Cinéma

7 juillet 2000
Maudite puberté

Hans-Christian Schmid adapte Crazy, le bestseller d'un auteur de seize ans, Benjamin Lebert

Gabrielle Seil

On a tous eu seize ans. On a tous été follement amoureux d'une fille ou d'un garçon qui ne voulait rien en savoir. Et alors, on aurait pu mourir. Surtout de honte et parce qu'on ne comprenait plus rien au monde ni à ses multiples secrets. À seize ans, on n'est plus vraiment un enfant et pas encore un adulte. On ne fait que flotter au gré de ses humeurs et de celles aussi variables des autres. On est tout le temps comme en suspension. C'est pas un âge plaisant, l'âge ingrat de la puberté.
Lorsqu'au printemps 1999, Benjamin Lebert publiait son roman autobiographique Crazy, il venait d'avoir dix-sept ans. Les médias furent tout de suite aux aguets. Le public suivit. Plus de deux cent mille exemplaires vendus en un temps record. Du jour au lendemain, comme une bombe, le jeune auteur dont la main et la jambe gauches sont atteints de paralysie, ne cessait de remuer le milieu littéraire allemand. Et parmi les premiers à s'intéresser aux déboires pubertaires du protagoniste central de Crazy, il y avait le cinéaste Hans-Christian Schmid. Le réalisateur reconnu de Nach fünf im Urwald et 23. À peine un mois après la parution du livre, il aborde l'adaptation cinématographique. Le tournage commence en plein été. Et voilà maintenant le résultat.
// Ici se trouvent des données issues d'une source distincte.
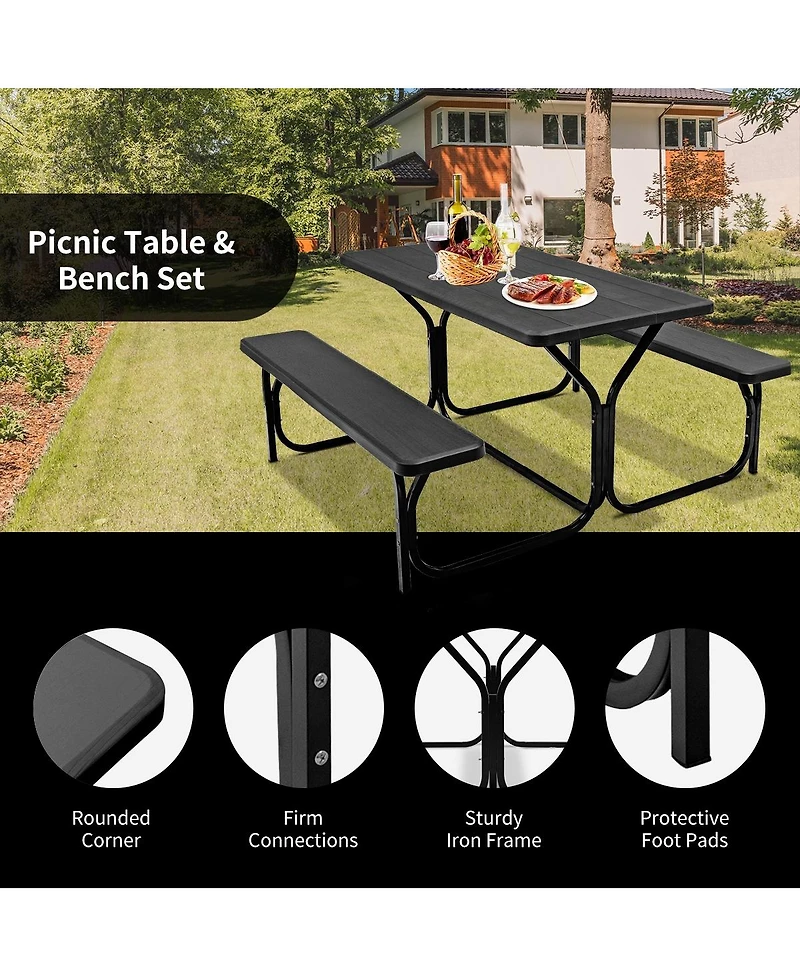 Sugift Outdoor Picnic Table Bench Set with Metal Base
Une chose est sûre : Crazy n'est pas du tout - fort heureusement - du genre American Pie des frères Weitz. Pas de gags tous plus hilarants les uns que les autres. Pas de pseudo-perversités à la noix. Pas de fornication avec une grosse tarte aux pommes toutes chaudes. Non, et quoique que les ingrédients des deux productions soient plus ou moins identiques (en passant des revues porno et branlements divers jusqu'au dépucelage...), le respect ne se perd pas. Car Crazy n'est pas une comédie dopée aux hormones ne dépassant que rarement le stade anal, mais il s'agit plutôt d'un drame intimiste. Celui d'un garçon terriblement tourmenté.
D'un côté, Benjamin (Robert Stadlober, très convaincant) souhaite que ses nouveaux copains d'internat le traitent normalement, comme s'il ne souffrait d'aucun handicap. 
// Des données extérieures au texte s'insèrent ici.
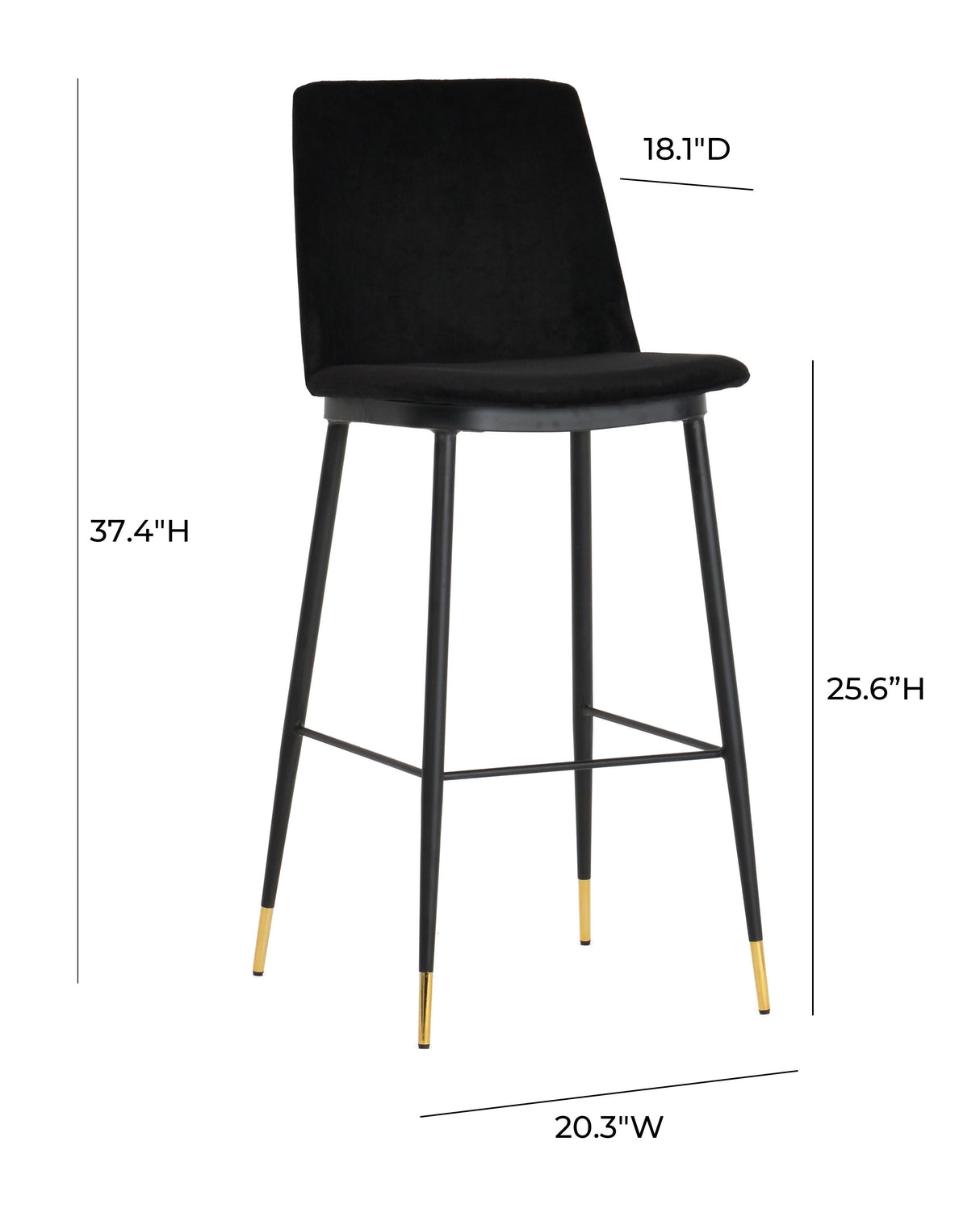 Evora Black Velvet Counter Stool (Set of 2)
De l'autre par contre, il aime souvent invoquer son infériorité physique pour se dispenser d'une obligation soit pénible, soit difficile. S'y ajoute qu'il assiste involontairement à l'effondrement brutal du mariage de ses parents. En plus, il s'amourache pour la première fois et pour de vrai d'une fille qui s'appelle Malen. Mais c'est pas tout. La jolie Malen est également convoitée par Janosch (Tom Schilling, excellent), le meilleur ami et confident de Benjamin. Autant dire que la vie à seize ans, c'est parfois ultra-compliqué.
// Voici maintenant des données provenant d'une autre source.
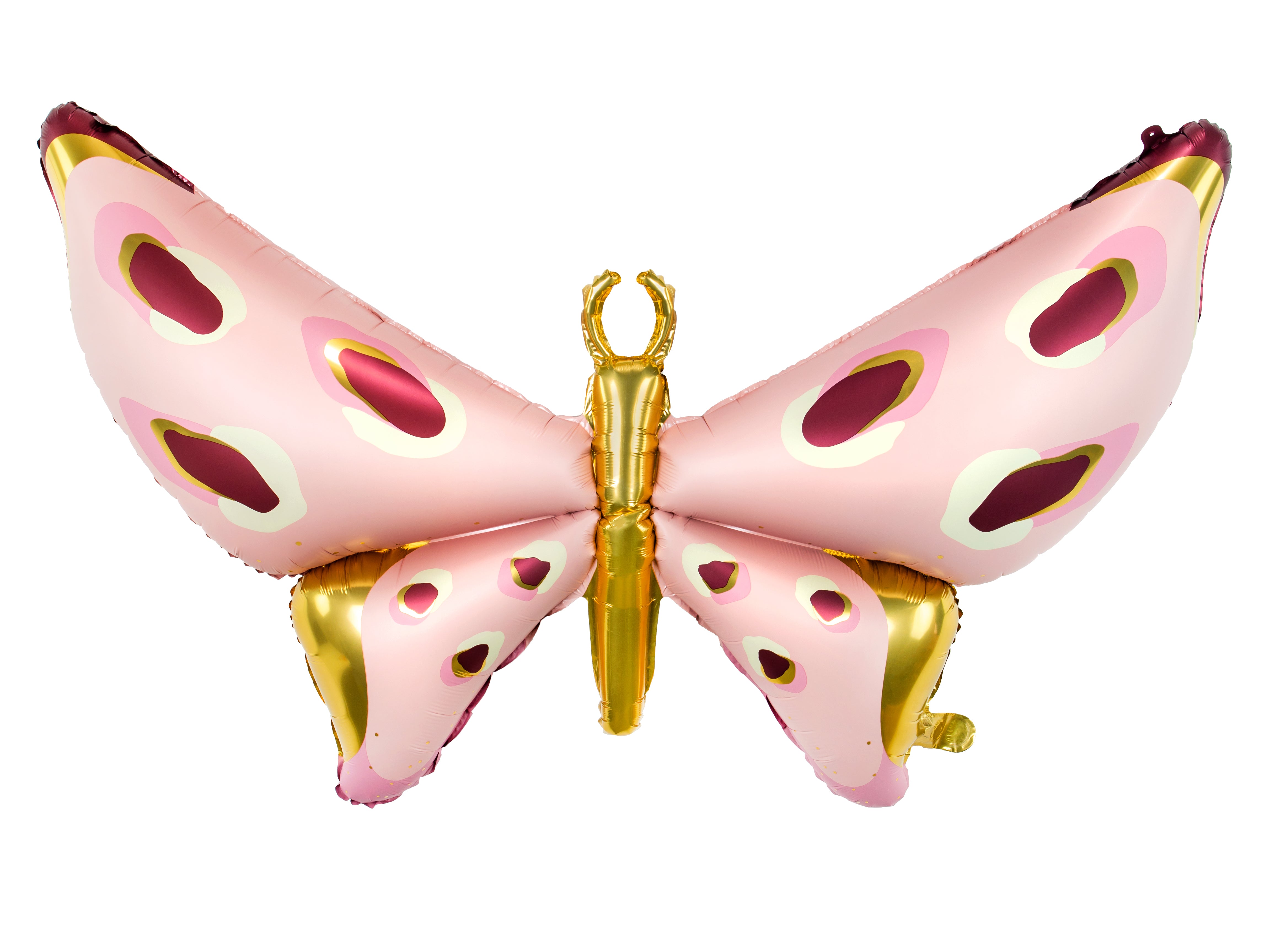 A large, pink and gold foil balloon shaped like a butterfly with detailed patterns, isolated on a white background.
À l'instar des deux réalisations précédentes de Hans-Christian Schmid, Crazy doit son intensité à l'aptitude de son metteur en scène à discerner les plus délicats rapports des émotions et des pensées de ses personnages. Sans jamais forcer quoi que ce soit, il dépeint aussi bien leur naïveté que leur malice. Et il le fait avec une sincérité troublante. On se reconnaît sans peine dans ce qu'il nous raconte. On se sent à l'aise parmi ses anti-héros si héroïques pourtant. On n'a jamais le sentiment d'être pris à l'improviste ou pour un gobe-mouches. C'est que Hans-Christian Schmid se pose et se trouve à chaque fois au même niveau que le spectateur. Qu'il expose ses histoires pas commodes d'une manière vertueusement claire et simple. Il en résulte un effet d'attraction et de fascination irrésistible. Comme un aimant.